Earlier this week, I told the tale of how ConservativeHome liked Boris Johnson’s Party Conference speech of 2017; offered him a fringe platform at that of 2018, and backed him for Tory leader last summer – because we believed that he was the candidate most likely to win a snap general election for the Conservatives.
I went on to describe how he restored the Tories from 20 per cent in the polls, and the disaster of last summer’s European elections, to 40 per cent or so in less than six months – despite multiple Commons defeats, the Supreme Court judgement, the Letwin vote, the Benn Act, a biased Speaker and the revolt of the twenty-one.
Our editorial ended by quoting T.H.White’s The Sword in the Stone, which “tells the story of how Wart, a.k.a. King Arthur, is unable to free the sword at first attempt. As he heaves and sweats, his childhood tutors, companions, and friends become mysteriously present.”
“For the next four days, Johnson is the Wart, the Once and Future King, of this electoral struggle. “Put your back into it,” says one friend to Wart. “What about those forearms?” asks another. “Keep a steady effort,” says a third, “and you will have it yet.” “Come along,” says the last, “for all we humble friends of yours are here waiting to cheer.”
The next line in the story is: “He put out his right hand softly and drew it out as gently as from a scabbard”.
Johnson has been told all his life that he won’t be able to draw the sword from the stone. Andrew Gimson’s biography of the Prime Minister quotes a letter from Martin Hammond, who taught Johnson at Eton, and has been described by the latter as “really influential”, to his father, Stanley Johnson.
“Boris sometimes seems affronted when criticised for what amounts to a gross failure of responsibility…I think he honestly believes that it is churlish of us not to regard him as an exception, one who should be free of the network of obligation that binds everyone else.”
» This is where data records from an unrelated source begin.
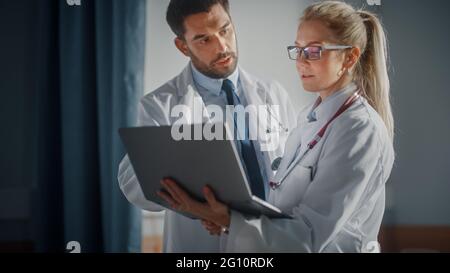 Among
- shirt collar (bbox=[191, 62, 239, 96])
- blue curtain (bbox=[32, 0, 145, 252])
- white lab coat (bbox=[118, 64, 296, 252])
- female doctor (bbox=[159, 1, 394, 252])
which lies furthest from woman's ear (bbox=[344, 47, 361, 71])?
blue curtain (bbox=[32, 0, 145, 252])

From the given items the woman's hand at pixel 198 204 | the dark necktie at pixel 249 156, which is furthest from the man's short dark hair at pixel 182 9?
the woman's hand at pixel 198 204

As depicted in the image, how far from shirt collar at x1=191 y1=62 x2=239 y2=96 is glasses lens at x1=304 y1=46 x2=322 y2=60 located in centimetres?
23

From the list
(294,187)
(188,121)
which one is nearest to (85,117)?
(188,121)

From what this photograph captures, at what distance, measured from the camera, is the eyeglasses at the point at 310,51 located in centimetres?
133

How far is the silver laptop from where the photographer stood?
113cm

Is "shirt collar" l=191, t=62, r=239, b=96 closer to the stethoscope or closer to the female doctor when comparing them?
the female doctor

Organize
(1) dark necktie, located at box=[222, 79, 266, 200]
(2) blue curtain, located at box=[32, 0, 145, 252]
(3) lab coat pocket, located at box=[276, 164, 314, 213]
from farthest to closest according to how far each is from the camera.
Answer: (2) blue curtain, located at box=[32, 0, 145, 252] < (1) dark necktie, located at box=[222, 79, 266, 200] < (3) lab coat pocket, located at box=[276, 164, 314, 213]

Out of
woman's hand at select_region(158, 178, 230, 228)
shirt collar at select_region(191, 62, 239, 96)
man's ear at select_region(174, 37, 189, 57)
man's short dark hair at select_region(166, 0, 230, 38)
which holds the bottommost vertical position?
woman's hand at select_region(158, 178, 230, 228)

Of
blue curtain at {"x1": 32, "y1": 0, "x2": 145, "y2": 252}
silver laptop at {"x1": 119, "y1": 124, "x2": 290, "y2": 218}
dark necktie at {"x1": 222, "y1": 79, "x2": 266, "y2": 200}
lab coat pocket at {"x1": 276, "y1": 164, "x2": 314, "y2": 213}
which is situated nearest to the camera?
silver laptop at {"x1": 119, "y1": 124, "x2": 290, "y2": 218}

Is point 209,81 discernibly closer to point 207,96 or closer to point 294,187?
point 207,96

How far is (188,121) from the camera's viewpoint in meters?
1.47

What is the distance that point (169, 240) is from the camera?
1490mm

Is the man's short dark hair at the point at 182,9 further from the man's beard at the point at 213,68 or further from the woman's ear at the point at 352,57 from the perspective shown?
the woman's ear at the point at 352,57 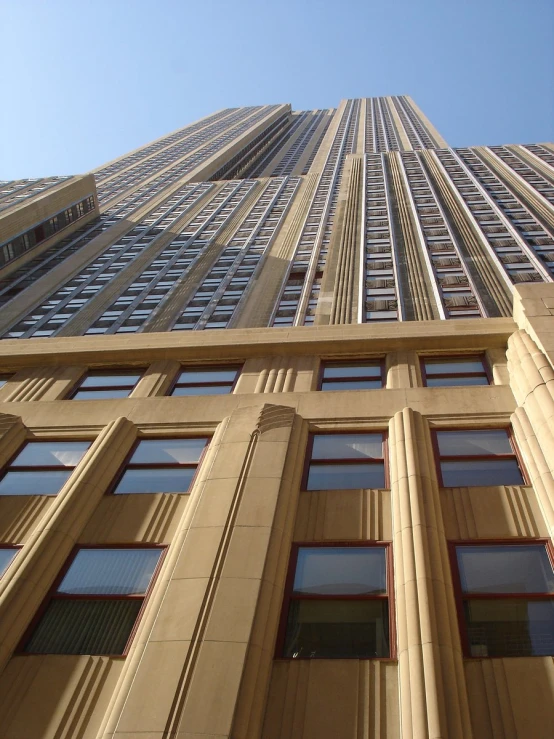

This is an early demonstration of the Johnson Derangement Syndrome that I once described as having driven me “nuts”, and which has put pay to Philip Hammond, David Gauke, Rory Stewart, Amber Rudd and a very large number of more conventional people.
Johnson has been told that he could not dream up quotes and survive as a working journalist; be both Spectator editor and a Conservative candidate; be taken seriously as a politician and appear on Have I Got News for You; irritate Michael Howard and survive on the Tory front bench…
…anger the people of Liverpool; win the London Mayoralty; win the London Mayoralty again; be on the winning side of an EU referendum if he backed Leave; contest the Conservative leadership election a second time; survive his turbulent period as Foreign Secretary; win as a front-runner in that leadership contest…
…survive the Supreme Court judgement; endure in the Commons 40 or so seats short of a majority; win a no confidence vote; get a deal with the EU; maintain campaigning discipline; not be brought down by the Leeds Infirmary row; evade Andrew Neil; vanish into a cupboard – or gain a majority, let alone a landslide.
That he has somehow done all those things is a tribute to his strange genius. An even greater one is that he had the humility, last autumn, to bring order to his Downing Street operation by sending for Dominic Cummings, Munira Mirza, Danny Kruger, Tim Montgomerie and the most committed Number Ten team in modern times.
I wrote yesterday that Johnson has at last laid to rest the legend that no Conservative leader other than Margaret Thatcher could again win with a big majority. His near-landslide may also mark an even greater achievement, putting Thursday’s election into the same basket as that of 1979, 1997 or 1945.
Thatcher and Tony Blair were part of the long continuum of Prime Ministers who, however different they may have been, governed on the assumption that Britain must be part of the EU (one that the former only began to bridle at towards the end of her long period in government).
These were the years of the rule of the EU Ascendancy – summed up for us by Lord Kerr, a former Ambassador to the EU, who told the Lords last year that Britain would “come to heel in the end, probably quite quickly”, and be absorbed back into the European project which the British people voted to escape in 2016.
Johnson’s big win marks the end of that Ascendancy and the beginning of a new era: that of Britain as a sovereign nation – whose government will honour the instruction given to us in the country’s greatest-ever democratic exercise. This will be good for the country, Parliament, politicians, the Conservatives and Johnson himself.
Trials and tribulations lie ahead: the next phase of the Brexit negotiations; Scotland; squaring the Tory majority with its new electoral territory; making sense of conflicting needs and demands. But there is reason to hope that Johnson, so often scorned as a liar, will begin to restore trust in politics, simply by delivering the referendum result.
Some of us have waited a long time to see a working Conservative Government with an emphatic Commons majority. Not since the second Thatcher landslide, the third Thatcher term, of 1987 has the country seen one in action – over 30 years ago. Then, I was 27. Now I am 60.
“Well, Wart,” said Merlyn. “How nice you look in your crown…in future it will be your glorious doom to take up the burden and to enjoy the nobility of your proper title: so now I shall crave the privilege of being the very first of your subjects to address you with it – as my dear liege lord, King Arthur.”